Several months ago, I wrote about work being done in our ICUs to make them more patient- and family-friendly and responsive.
Each year, the Society of Critical Care Medicine (SCCM) selects one (and only one) hospital or ICU for its Family-Centered Care Award, the purpose of which is to "recognize innovation that improves the care provided to critically ill and injured patients and their families." If you’re not familiar with SCCM, it is the largest multiprofessional organization focused on critical care, with more than 14,000 members in 80 countries. This is an international competition.
I am very proud to announce that BIDMC has received the award, which will be presented in January.
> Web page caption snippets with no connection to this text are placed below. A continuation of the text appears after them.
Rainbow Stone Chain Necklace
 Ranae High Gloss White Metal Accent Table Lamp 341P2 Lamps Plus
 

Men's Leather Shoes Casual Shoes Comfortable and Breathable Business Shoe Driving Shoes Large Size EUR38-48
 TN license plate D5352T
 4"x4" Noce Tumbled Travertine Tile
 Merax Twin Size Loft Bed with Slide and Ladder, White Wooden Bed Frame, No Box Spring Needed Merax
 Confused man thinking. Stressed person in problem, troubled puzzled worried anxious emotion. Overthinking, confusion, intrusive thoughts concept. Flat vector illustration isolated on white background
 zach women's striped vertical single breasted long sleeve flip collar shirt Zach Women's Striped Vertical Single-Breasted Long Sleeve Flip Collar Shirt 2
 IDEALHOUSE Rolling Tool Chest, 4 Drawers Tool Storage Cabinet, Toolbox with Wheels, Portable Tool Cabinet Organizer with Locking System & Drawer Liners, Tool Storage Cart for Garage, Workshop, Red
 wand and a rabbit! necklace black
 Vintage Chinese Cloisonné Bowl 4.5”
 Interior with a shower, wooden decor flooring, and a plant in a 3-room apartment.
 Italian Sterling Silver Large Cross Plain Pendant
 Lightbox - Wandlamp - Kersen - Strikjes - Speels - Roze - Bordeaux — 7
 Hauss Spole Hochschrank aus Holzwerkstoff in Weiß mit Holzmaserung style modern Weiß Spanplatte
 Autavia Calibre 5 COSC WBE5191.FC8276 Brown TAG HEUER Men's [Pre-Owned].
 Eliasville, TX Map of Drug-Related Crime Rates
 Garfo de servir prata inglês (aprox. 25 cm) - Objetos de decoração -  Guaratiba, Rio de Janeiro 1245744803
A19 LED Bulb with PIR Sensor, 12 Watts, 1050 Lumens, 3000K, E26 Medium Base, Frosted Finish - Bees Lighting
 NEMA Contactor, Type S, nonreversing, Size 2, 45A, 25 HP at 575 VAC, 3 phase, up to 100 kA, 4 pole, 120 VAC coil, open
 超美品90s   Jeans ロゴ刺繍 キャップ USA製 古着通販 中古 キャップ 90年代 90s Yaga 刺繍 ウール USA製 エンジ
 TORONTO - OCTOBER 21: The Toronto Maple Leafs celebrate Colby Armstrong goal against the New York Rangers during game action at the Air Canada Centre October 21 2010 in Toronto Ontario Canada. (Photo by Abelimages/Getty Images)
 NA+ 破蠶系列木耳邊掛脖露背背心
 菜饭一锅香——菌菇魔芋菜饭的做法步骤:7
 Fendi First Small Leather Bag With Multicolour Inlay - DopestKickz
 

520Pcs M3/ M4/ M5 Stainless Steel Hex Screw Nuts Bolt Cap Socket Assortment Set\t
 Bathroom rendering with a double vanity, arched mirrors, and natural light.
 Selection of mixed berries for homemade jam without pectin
As Dr. Michael Howell, Director of Critical Care Quality, explained to our staff:
Why did Critical Care at BIDMC win this award? Because of your work. Literally hundreds of people have made small, incremental changes to help improve the experience of critical care for our patients and families. Anyone who has had a family member an ICU knows that it’s an extraordinarily trying time. From simulated family meetings for the medical residents, to family pagers in the SICU, to transition-out-of-the-ICU work in CVI, to pro-active rounding of chaplains, there have been a tremendous number of improvements over the past year and a half. Family satisfaction data (which we have meticulously collected) supports this as well. Today, families are more than twice as likely to report that they are completely satisfied with their decision-making role than they were when we started in April 2009, and we’ve seen improvements in other areas as well.
I also want to give special thanks to IHI's Maureen Bisognano, who had a special role in stimulating our activities in this arena. Maureen had a friend in our ICU for some time. Afterwards, she said that the medical care had been extraordinary, but that other aspects of our care were substandard and outdated. She was absolutely correct. Beyond that criticism, she has been a loyal guide in our work.
Here is the more detailed explanation from our award application:
DECIDING WHAT TO IMPROVE: MOVING THE LOCUS OF CONTROL TO PATIENTS AND FAMILIES
Strategically, we believed that how we chose what to improve was tremendously important. To be truly patient/family-centered, patients and families should set our improvement priorities. We therefore developed two initiatives to address this critical issue:
ICU Patient and Family Advisory Council
We believed that ongoing, longitudinal guidance from our patients and families was critical. We therefore assembled the ICU Patient and Family Advisory Council, a group of former ICU patients and family members (of both survivors and non-survivors). Each Council member serves for one to two years. The group meets bi-monthly.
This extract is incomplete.